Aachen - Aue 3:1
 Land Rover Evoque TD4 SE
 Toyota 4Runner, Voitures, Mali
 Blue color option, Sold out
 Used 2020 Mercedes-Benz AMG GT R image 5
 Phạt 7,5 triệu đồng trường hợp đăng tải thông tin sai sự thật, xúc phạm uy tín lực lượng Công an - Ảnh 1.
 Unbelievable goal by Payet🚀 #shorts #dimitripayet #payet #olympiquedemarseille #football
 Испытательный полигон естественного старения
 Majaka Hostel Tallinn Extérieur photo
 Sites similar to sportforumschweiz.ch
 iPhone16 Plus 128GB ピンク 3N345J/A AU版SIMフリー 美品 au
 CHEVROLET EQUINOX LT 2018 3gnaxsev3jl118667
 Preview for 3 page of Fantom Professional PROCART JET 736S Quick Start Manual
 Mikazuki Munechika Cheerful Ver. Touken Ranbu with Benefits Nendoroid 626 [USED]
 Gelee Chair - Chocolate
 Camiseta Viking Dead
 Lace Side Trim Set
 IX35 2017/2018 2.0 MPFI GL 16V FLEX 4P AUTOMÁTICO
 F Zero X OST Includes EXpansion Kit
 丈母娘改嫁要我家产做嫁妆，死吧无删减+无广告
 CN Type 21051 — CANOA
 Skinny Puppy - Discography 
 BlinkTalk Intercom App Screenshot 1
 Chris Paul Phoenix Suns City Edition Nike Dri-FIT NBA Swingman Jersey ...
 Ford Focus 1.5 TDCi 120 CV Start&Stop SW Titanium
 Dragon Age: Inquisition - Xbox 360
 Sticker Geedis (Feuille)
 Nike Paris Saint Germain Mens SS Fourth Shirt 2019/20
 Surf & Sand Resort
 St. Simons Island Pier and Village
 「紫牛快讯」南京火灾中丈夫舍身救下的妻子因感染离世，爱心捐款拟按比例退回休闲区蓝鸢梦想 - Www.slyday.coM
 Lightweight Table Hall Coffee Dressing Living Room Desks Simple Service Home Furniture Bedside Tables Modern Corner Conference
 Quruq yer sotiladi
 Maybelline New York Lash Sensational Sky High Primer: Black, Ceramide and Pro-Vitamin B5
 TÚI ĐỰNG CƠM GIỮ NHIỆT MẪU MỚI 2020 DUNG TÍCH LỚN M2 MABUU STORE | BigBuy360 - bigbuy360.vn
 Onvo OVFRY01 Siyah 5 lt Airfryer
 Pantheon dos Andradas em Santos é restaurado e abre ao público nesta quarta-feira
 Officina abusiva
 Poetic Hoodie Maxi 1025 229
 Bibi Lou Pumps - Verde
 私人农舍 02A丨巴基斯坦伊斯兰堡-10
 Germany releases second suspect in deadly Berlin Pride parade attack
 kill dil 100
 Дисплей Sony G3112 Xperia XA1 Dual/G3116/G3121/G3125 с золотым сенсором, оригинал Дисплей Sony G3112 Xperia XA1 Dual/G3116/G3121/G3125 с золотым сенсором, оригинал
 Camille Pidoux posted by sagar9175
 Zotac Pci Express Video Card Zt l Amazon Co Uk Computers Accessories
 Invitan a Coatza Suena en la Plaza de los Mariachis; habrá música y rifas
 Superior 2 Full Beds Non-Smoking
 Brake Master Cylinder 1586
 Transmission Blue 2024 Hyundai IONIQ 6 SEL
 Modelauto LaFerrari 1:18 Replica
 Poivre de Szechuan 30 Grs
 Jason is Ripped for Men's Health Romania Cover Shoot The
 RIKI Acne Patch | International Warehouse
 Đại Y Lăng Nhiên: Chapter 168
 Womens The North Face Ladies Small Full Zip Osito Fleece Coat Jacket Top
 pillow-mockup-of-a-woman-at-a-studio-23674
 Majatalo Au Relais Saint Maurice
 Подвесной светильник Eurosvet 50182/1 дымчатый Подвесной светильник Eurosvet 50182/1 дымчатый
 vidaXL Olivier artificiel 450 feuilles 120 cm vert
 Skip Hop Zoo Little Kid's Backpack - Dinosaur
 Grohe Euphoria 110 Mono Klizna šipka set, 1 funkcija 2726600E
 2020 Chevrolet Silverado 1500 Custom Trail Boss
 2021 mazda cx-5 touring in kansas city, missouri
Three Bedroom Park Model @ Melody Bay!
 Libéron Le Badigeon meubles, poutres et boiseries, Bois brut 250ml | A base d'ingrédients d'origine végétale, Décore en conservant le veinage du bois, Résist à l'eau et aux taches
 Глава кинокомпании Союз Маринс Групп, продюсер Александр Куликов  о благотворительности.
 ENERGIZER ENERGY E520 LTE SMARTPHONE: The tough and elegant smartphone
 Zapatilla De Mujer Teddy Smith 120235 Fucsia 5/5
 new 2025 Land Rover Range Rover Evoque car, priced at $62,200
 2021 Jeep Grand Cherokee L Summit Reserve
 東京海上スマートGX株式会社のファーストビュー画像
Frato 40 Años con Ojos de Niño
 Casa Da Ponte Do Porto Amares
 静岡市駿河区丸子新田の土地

|---|

Would you return, unchanged, the lines from the one containing "Глава кинокомпании Союз" through the end of the entries?

 Глава кинокомпании Союз Маринс Групп, продюсер Александр Куликов  о благотворительности.
 ENERGIZER ENERGY E520 LTE SMARTPHONE: The tough and elegant smartphone
 Zapatilla De Mujer Teddy Smith 120235 Fucsia 5/5
 new 2025 Land Rover Range Rover Evoque car, priced at $62,200
 2021 Jeep Grand Cherokee L Summit Reserve
 東京海上スマートGX株式会社のファーストビュー画像
Frato 40 Años con Ojos de Niño
 Casa Da Ponte Do Porto Amares
 静岡市駿河区丸子新田の土地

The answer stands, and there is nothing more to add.